In some environmental education programs, teachers monitor the degree to which students' take social action on an issue. This activist orientation technique belongs to the critical-theoretic paradigm.


As Champagne and Newell (1992) point out, certain cultures demand that assessment be simplistic, competitive, and unidimensional in order to distinguish winners from losers. Tests in those cultures are designed "on the assumption that knowledge can be represented by an accumulation of bits of information and that there is one right answer" (p. 846). On the other hand, "alternative assessment is based on the assumption that knowledge is actively constructed by the child and varies from one context to another" (p. 847). We can now identify these two positions as exemplifying the empirical-analytic and interpretive paradigms, respectively. Moreover, using the three-paradigm framework, we can now ask ourselves the question, "What does the critical-theoretic paradigm say about knowledge?" This question leads to other issues such as: whose knowledge is privileged in the assessment? whose social interactions have cultural capital? whose goals define the criteria for evaluation and how are these goals established? These issues are discussed by O'Loughlin (1992).


Aikenhead, G.S., & Ryan, A.G. (1992). The development of a new instrument: "Views on Science-Technology-Society" (VOSTS). Science Education, 76, 477-491.

Black, P.J. (1997, May). Assessment in the service of science education. A paper presented at the International Conference on Science Education: "Globalization of Science Education." Seoul, Korea.

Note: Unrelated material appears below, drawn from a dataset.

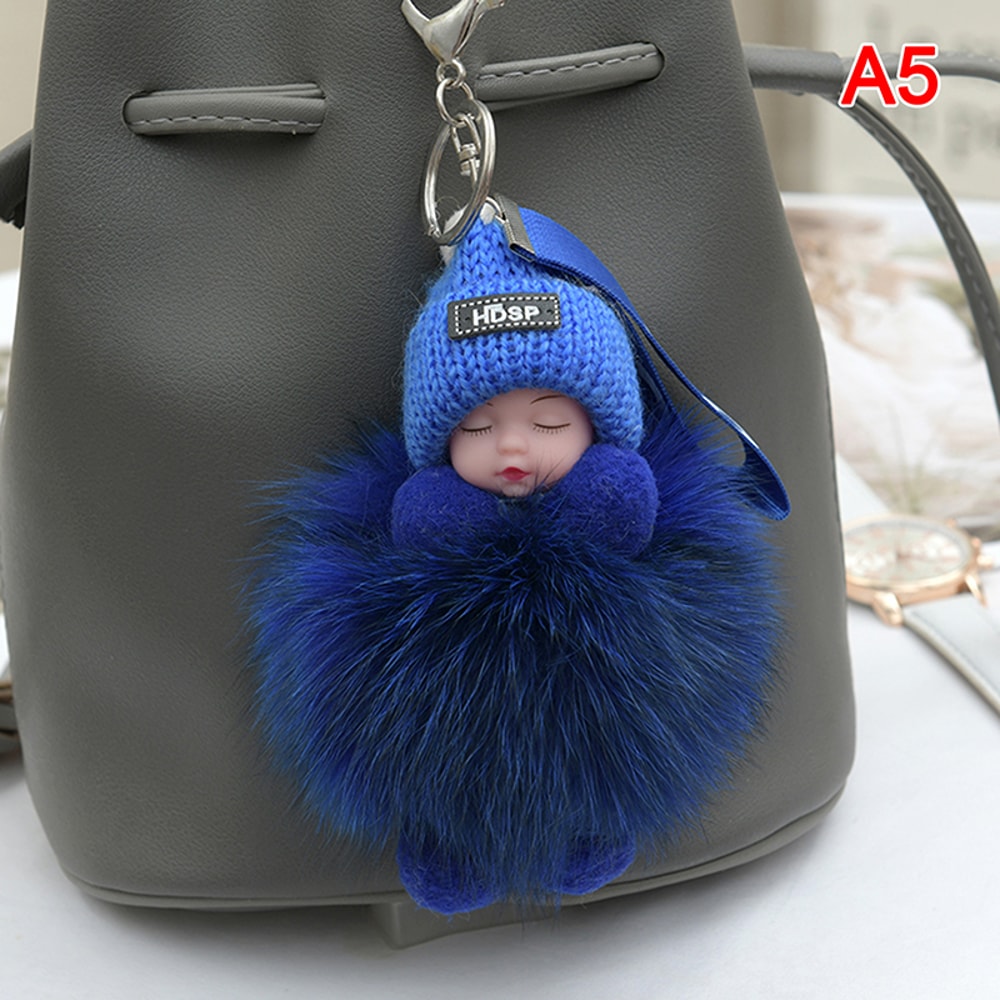 Cute Sleeping Baby Pom Pom Keychain Plush Doll Bag Charm 1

Champagne, A.B., & Newell, S.T. (1992). Directions for research and development: Alternative methods of assessing scientific literacy. Journal of Research in Science Teaching, 29, 841-869.

Habermas, J. (1971). Knowledge and human interest. Boston: Beacon.

Messick, S. (1989). Validity. In R.L. Linn (Ed.), Educational measurement (3rd edition) (pp. 12-103). London: Collier Macmillan.

O'Loughlin, M. (1992). Rethinking science education: Beyond Piagetian constructivism toward a sociocultural model of teaching and learning.

Ryan, A.G. (1988). Program evaluation within the paradigm: Mapping the territory. Knowledge: Creation, Diffusion, Utilization, 10(1), 25-47.

UNESCO. (1994). The project 2000+ declaration: The way forward. Paris: UNESCO.